## Instructions for the task
Copy, from the material below, every line in which the word "white" can be found.

## Data extract
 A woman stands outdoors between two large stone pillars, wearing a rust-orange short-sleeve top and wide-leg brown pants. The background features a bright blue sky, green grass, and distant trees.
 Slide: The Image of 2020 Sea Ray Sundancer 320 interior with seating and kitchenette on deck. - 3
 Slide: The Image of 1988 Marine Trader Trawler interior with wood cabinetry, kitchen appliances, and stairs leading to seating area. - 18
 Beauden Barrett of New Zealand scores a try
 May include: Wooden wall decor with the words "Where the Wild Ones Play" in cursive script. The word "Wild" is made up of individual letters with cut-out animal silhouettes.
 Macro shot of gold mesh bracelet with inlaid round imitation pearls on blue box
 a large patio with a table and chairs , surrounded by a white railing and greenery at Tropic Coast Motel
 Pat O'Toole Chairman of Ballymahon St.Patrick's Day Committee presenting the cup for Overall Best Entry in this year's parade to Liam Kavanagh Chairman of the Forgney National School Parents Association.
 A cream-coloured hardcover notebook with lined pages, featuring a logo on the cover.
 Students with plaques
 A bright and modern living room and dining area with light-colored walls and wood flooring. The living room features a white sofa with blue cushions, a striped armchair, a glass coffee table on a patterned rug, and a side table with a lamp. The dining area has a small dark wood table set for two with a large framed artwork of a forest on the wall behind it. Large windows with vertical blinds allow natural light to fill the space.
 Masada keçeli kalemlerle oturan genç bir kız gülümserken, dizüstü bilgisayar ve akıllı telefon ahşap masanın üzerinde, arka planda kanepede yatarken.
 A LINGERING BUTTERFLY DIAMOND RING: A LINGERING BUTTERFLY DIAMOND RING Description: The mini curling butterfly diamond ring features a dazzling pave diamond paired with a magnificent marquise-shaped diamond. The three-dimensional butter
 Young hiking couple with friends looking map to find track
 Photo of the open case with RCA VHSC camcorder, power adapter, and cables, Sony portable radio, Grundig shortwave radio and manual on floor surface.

## Result
 a large patio with a table and chairs , surrounded by a white railing and greenery at Tropic Coast Motel
 A bright and modern living room and dining area with light-colored walls and wood flooring. The living room features a white sofa with blue cushions, a striped armchair, a glass coffee table on a patterned rug, and a side table with a lamp. The dining area has a small dark wood table set for two with a large framed artwork of a forest on the wall behind it. Large windows with vertical blinds allow natural light to fill the space.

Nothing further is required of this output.